A man walks on the deserted road, past the Karachi Municipal Corporation (KMC) building, during a lockdown after Pakistan shut all markets, public places and discouraged large gatherings amid an outbreak of coronavirus disease (COVID-19), in Karachi.PHOTO: REUTERS

Post Covid-19 Pakistan

The decisions our government takes in the next few weeks will probably shape our country for years to come


Naeem Sadiq April 04, 2020
Three key obstacles ought to be addressed for Pakistan to end its endless journey of poverty, inequality and misgovernance. To limit its “bursting at the seams” population, to completely digitise all aspects of its governance and to downsize its dysfunctional bureaucracy. Thanks to Covid-19, it seems to have already accomplished the third task. As if it was a virus under a 20-second soapy attack, the Government of Pakistan, in less than seven days, stood literally dissolved and fallen apart like a house of cards. The bloated bureaucratic machinery that, for 72 years, stubbornly blocked every road to progress was effectively dismantled by an insignificant fatty membrane.

Pakistan desperately realises the need to help and make things better for its ordinary and forgotten citizens. It has mustered enough funds and good intentions — both being necessary but not enough. The reason is simple. Pakistan does not know who its ordinary people are, what their names are, where they live and what they do. Not only that, it has no record of the existence of its 60 million unregistered children. It does not know who and where its 25 million out-of-school children are. It does not know who, how many and where its homeless, unemployed, daily-wagers, plumbers, street vendors, masons, janitors, bus drivers, house maids, cashiers, street children are, besides a host of other individuals who need support because they cannot work from home.

The fact of the matter is that we do not know the facts. Pakistan has remained a ‘data-less’ society for 72 years. Our digitally-challenged bureaucracy has kept Pakistan bogged down on forms and files, on photocopies and affidavits, and on signatures and stamps. In simple words we are digitally unprepared — to cope with the current crisis and for creating a better future. Pakistan thus has a stark choice. Make radical changes to its governance and processes or simply be forgotten by history.

While cell phone apps may serve a limited commercial or a task-based function, they are not a replacement for a national digitisation programme. Pakistan needs to develop digital, integrated and shared databases and processes for every function performed by the federal and the provincial governments. These could relate to teachers and students, births and deaths, workers and incomes, land and revenues, taxes and transactions, salaries and pensions, industry and workers and health and hospitals. The list is endless.

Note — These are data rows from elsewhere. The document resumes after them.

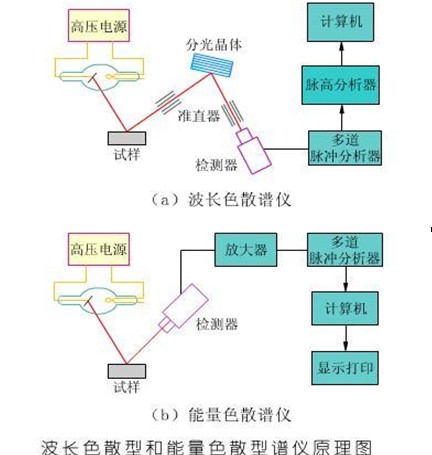 X熒光光譜儀原理圖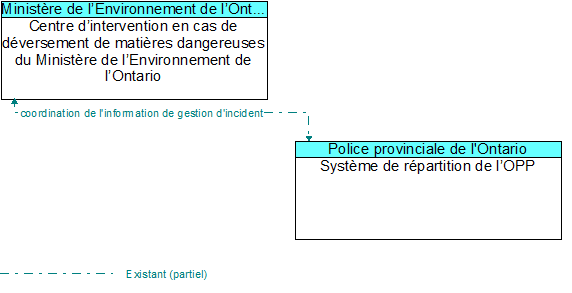 Centre d’intervention en cas de déversement de matières dangereuses du Ministère de l’Environnement de l’Ontario to Système de répartition de l’OPP Interface Diagram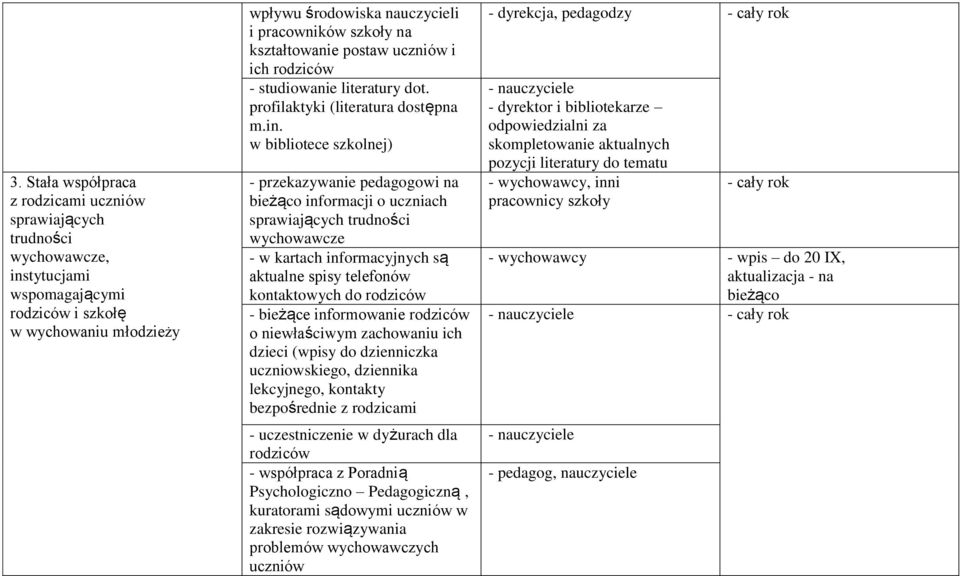 w bibliotece szkolnej) - przekazywanie pedagogowi na bieżąco informacji o uczniach sprawiających trudności wychowawcze - w kartach informacyjnych są aktualne spisy telefonów kontaktowych do rodziców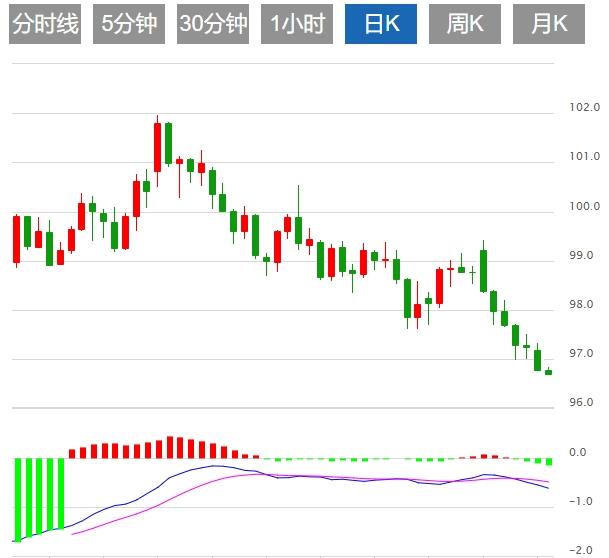 非农报告强劲浇灭7月降息希望，美债美元巨震(图1)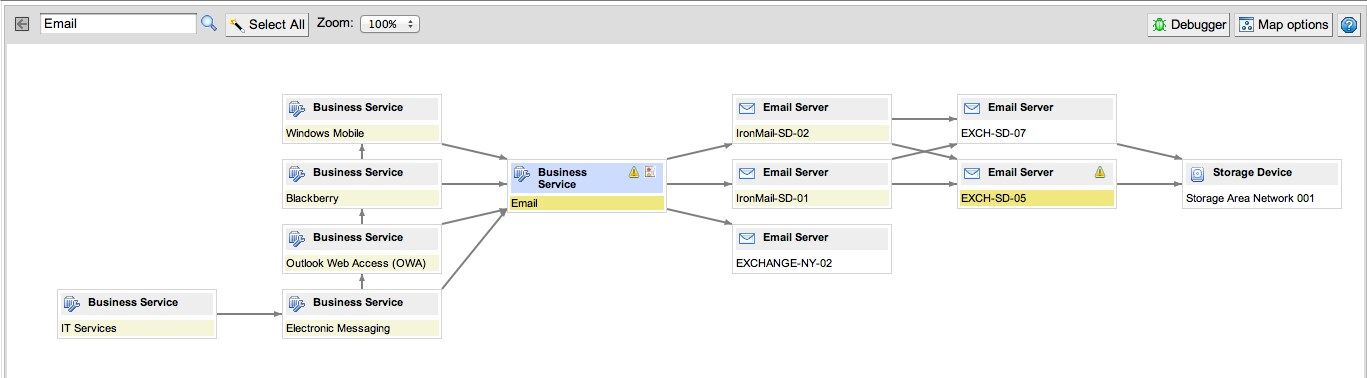 Position Management Servicenow A tricky position - made easier by communication - ServiceNow Community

The government must publicly state the three underlying principles of digitisation. First, that no citizen will be required to visit any government office to give or receive any service, permission, approval, license, document or payment. Second, that no single piece of information once given to any government office will be asked for or entered again by any other office of the state. Third, that no one will ever need to submit a copy of the CNIC, degree, marriage certificate, attestation or an affidavit to any office.

As a first step towards downsizing the bureaucracy, Pakistan should halve the salaries of all government employees from Grade 17 to Grade 22 and give them an option to leave. Just selling off their generously allocated government vehicles would easily fetch about Rs200 billion. Instead, thousands of IT graduates can be employed and a national IT organisation can be set up to develop hundreds of new paperless and ‘bureaucracy-less’ integrated digital processes.

The decisions our government takes in the next few weeks will probably shape our country for years to come. We must act quickly and decisively. The new system ought to focus on improving the lives of our most neglected, weak and vulnerable segment of society. Limiting population, eliminating bureaucracy and restraining obscurantist ulema, muftis and the Ruet-e-Hilals should be the top priorities for a post Covid-19 Pakistan. After all, a modern state cannot be built on vague and nostalgic ideas of cities that existed a thousand years ago.

Published in The Express Tribune, April 4th, 2020.